Je réalise parfaitement qu'il est plus facile de dire que de faire ce que je propose, et que le gouvernement fait face à un défi décourageant. Mais je sais aussi que le rôle de toute direction (au sens vaste du mot, c'est à dire la direction exécutive), est de formuler une vision, et d'agir pour la mettre à exécution. Pour réussir, la direction doit mener et non pas se laisser mener. Il est faux de prétendre que le régime de par sa nature détourne le défi, ou qu'il est responsable d'avoir créé l'affreux esprit de fanatisme qui règne dans notre société. Cependant, il a longtemps fermé les yeux sur cette aberration, ne venant à réaliser que lentement, que l'idéologie derrière cette culture de fanatisme est le plus grand ennemi de ce même régime. C'est cette idéologie qui a produit les assassins de Anouar El-Sadate, les instigateurs de l'incident d'Addis Abeba, et les auteurs de plusieurs autres crimes.

 

- En ce qui concerne le sentiment généralisé des Coptes que leur participation à la vie publique a considérablement baissé au courant des quelques dernières décennies, ce fait est soutenu par des statistiques. Cependant, cela ne devrait pas être perçu comme une tentative délibérée de la part du gouvernement de garder les Coptes hors des postes publics, mais plutôt comme un phénomène qui a pris une ampleur insidieuse au fil des années, sans être remarqué par les gouvernements successifs, puisant son volume dans son propre dynamisme, jusqu'à avoir atteint ses proportions actuelles inadmissibles. Mais quoique soient les raisons, le fait est que les Coptes sont marginalisés de la vie publique Egyptienne ; cette situation mérite une sérieuse étude. Personnellement, je crois que l'origine de ce phénomène se trouve dans la mentalité que nos fonctionnaires ont développé récemment et qui est caractérisée par le refus d'admettre l'existence des problèmes, et par la persistance à affirmer que tout va très bien dans le meilleur des mondes. Cette mentalité tient des racines d'une autre spécificité culturelle, celle du refus de toute critique, et de l'incapacité de s'autocritiquer. Prétendre, comme certains le font, que cette situation est l'oeuvre des Coptes, qu'ils sont devenus marginalisés parce que trop passifs et trop pris par leurs activités financières, serait mettre le char devant les boeufs. Il est vrai que les Coptes sont passifs, et qu'ils ont des activités financières et économiques, mais ceci est un résultat, et non pas une cause, d'avoir eu trop de portes fermées malgré leurs capacités indéniables.

 

Bien que je sois convaincu de la vérité de l'analyse ci-dessus, je suis aussi conscient qu'elle est incomplète.
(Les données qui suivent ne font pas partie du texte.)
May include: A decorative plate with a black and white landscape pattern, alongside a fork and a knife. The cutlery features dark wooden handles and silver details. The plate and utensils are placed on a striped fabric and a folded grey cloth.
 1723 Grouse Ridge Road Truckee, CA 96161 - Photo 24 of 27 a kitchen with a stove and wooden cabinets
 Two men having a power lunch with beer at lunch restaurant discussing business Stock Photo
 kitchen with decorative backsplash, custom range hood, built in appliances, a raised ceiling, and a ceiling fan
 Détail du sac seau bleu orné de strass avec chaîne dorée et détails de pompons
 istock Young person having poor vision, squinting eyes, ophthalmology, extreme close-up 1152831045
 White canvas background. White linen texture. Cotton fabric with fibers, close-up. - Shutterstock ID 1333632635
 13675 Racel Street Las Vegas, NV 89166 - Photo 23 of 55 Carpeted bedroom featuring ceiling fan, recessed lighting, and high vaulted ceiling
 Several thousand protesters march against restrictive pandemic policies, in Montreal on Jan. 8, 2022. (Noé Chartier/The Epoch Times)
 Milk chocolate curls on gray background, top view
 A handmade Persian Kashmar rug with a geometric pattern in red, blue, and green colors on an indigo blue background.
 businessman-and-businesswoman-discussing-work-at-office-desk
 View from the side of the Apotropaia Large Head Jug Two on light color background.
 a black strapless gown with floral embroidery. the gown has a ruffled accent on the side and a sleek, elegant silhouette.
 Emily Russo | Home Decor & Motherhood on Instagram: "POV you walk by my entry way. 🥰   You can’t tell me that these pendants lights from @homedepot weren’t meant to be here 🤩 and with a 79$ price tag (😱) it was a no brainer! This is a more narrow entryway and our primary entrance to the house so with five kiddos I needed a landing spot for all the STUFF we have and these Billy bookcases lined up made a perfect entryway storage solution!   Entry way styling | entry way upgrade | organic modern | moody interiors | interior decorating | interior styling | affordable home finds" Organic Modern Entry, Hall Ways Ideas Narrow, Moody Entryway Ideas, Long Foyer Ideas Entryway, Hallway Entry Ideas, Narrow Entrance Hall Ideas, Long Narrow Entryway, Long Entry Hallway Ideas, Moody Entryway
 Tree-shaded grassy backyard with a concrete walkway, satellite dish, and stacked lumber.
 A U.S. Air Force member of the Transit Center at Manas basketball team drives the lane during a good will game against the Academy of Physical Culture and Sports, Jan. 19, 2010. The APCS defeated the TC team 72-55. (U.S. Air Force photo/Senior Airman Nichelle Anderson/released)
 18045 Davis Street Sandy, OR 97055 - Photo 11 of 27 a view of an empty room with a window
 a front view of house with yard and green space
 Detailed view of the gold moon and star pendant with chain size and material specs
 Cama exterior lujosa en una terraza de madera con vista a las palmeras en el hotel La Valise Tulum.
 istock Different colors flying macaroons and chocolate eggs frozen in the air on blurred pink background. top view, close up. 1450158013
Les mêmes portes claquées au nez de membres de haute qualité de la communauté Copte, restent fermées à beaucoup de membres de haute qualité de la société Egyptienne en général. Le jeu politique en Egypte aujourd'hui n'est ouvert qu'à ceux qui veulent le jouer par certaines règles établies ces quelques dernières décennies, règles qui par leur nature sont répugnantes aux professionnels qualifiés dotés d'un minimum de fierté, puisqu'elles sont basées sur la loyauté personnelle, le népotisme, et d ‘autres mécanismes qui n'ont rien à voir avec les capacités professionnelles.

 

- Quant aux violences communautaires qui s'enflamment de temps à autres, les plus récentes étant à Kushh, et auparavant à Khanka, juste pour mentionner deux de plusieurs confrontations violentes dont notre histoire récente témoigne, elles sont dues à un nombre de facteurs, dont les plus importants sont :

 

- Une ligne officielle déterminée à déprécier la gravité de la situation, pensant à tort qu'admettre l'existence d'un problème est néfaste à la réputation de l'Egypte. En réalité, la réputation de l'Egypte serait mieux servie en faisant face au problème qu'en niant son existence.

 

- L'envergure d'une culture qui ignore les problèmes, qui exalte ses bienfaits et qui chante ses propres louanges.

 

- L'échec à faire usage des nombreux efforts valables déployés pour étudier et analyser les racines et les causes de tels incidents, comme le rapport notoire émis par le Dr Gamal Oteify sur la crue des conflits communautaires qui ont eu lieu dans les années soixante-dix du siècle dernier. Ses trouvailles et ses recommandations auraient pu être bien investies, si ce n'était pour ce penchant culturel de répudier les conflits comme étant un problème moindre, instigué par les forces extérieures, ayant pour but de déstabiliser l'Egypte.

 

Le but de cet article n'est pas de blâmer ou d'accuser qui que ce soit, mais d'offrir une étude objective et neutre dans le but, comme était le cas du rapport de feu Dr Oteify, de jeter la lumière sur quelques éléments du problème. Accuser le gouvernement de persécuter les Coptes manquerait de logique et de sagesse. Mais il manquerait également de logique et de sagesse de prétendre que leurs griefs ne sont pas légitimes, et que leur situation est idéale.

 

Je ne peux trouver de meilleure manière de conclure cet article que par cette petite histoire : Au cours d'une discussion concernant la question Copte, quelqu'un me questionna à propos des demandes des Coptes. Je commençai par leur seconde demande, ensuite la troisième, puis la quatrième et la cinquième. « Mais », me demanda-t-on, « quelle est leur première demande ? » Je répondis que ce dont les Coptes ont besoin plus que tout est « l'adoption sociale », ce qui signifie sentir qu'on veut vraiment les écouter, et entendre leurs plaintes et leurs problèmes, dans un esprit d'amour et de sympathie fraternels, basé sur la croyance qu'ils sont partenaires à part égale dans cette terre, et pas des citoyens de deuxième classe appartenant à une minorité qui doit accepter et se plier à la volonté de la majorité.

 

Afin de trouver une vraie solution globale à la question Copte, nous avons besoin de regarder seulement un peu en arrière à l'époque où Saad Zaghloul établit un modèle exemplaire de relations communautaires qui pourrait servir comme un glorieux point de départ d'un projet contemporain pour mettre ce problème hargneux au repos, une fois pour toutes.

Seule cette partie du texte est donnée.